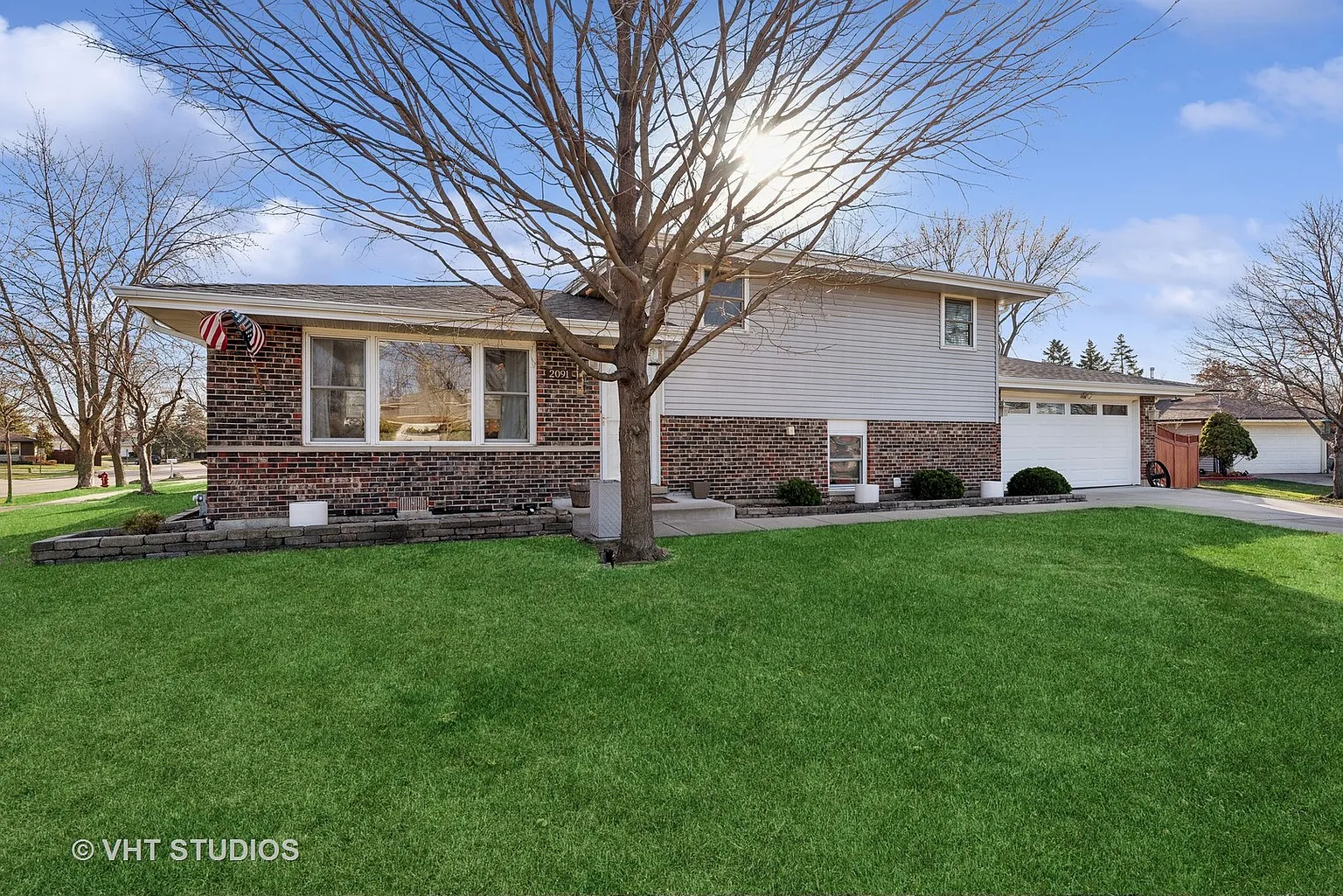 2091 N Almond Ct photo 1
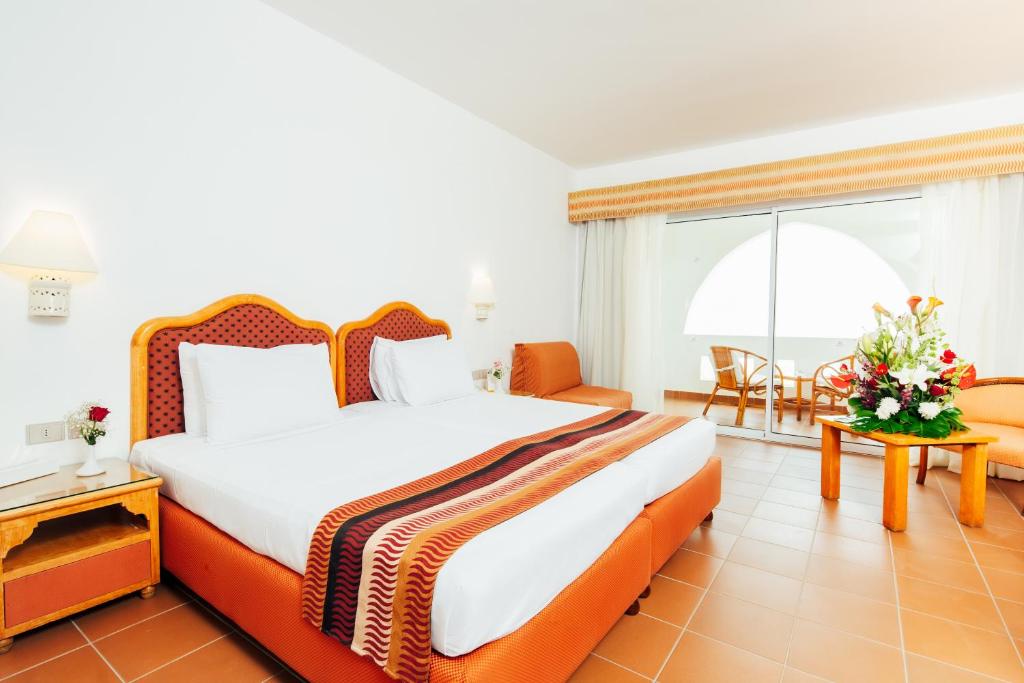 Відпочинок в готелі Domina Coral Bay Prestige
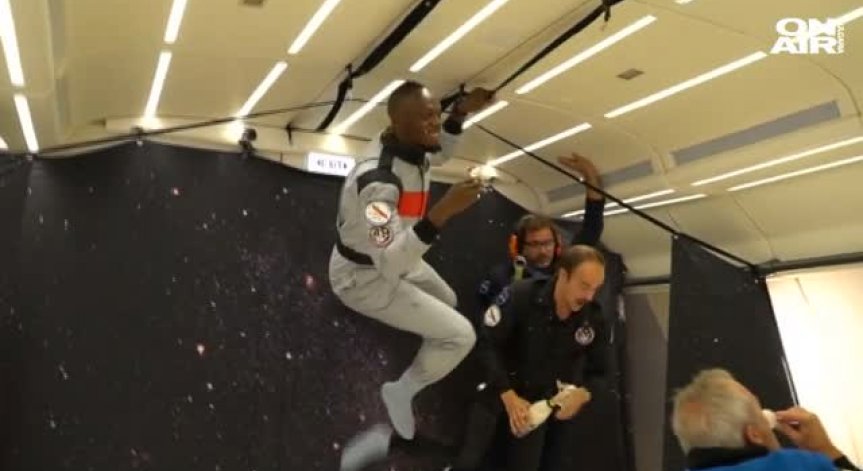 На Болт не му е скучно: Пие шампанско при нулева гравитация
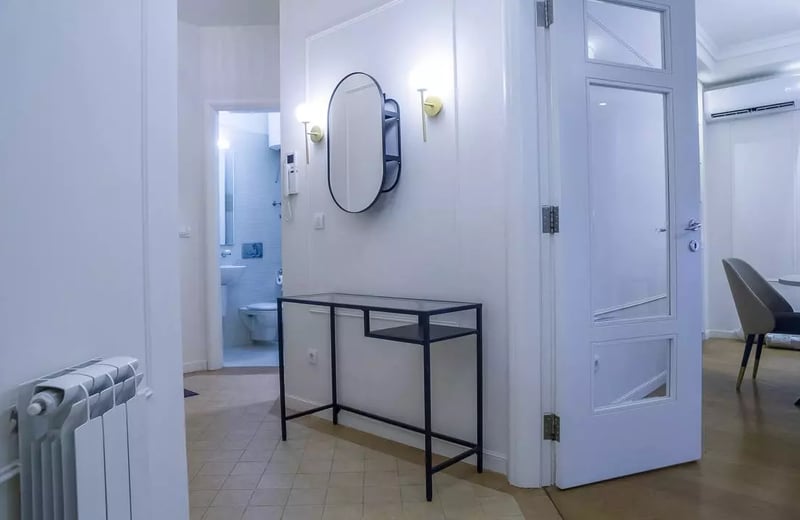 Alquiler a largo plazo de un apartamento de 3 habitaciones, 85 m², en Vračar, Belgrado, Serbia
...
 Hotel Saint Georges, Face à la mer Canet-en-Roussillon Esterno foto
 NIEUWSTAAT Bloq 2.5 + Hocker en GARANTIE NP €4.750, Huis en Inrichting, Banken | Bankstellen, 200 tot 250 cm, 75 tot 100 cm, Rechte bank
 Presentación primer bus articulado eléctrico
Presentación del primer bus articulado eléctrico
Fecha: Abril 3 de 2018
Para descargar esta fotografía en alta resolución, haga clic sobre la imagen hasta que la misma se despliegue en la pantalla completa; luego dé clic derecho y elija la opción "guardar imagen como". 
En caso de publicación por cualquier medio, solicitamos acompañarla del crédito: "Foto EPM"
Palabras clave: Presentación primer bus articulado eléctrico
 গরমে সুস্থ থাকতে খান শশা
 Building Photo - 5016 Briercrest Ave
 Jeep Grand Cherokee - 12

TASK DIRECTIONS: Which of the lines above include the word "primer"? Copy each of them.

TASK RESULT:
 Presentación primer bus articulado eléctrico
Presentación del primer bus articulado eléctrico
Palabras clave: Presentación primer bus articulado eléctrico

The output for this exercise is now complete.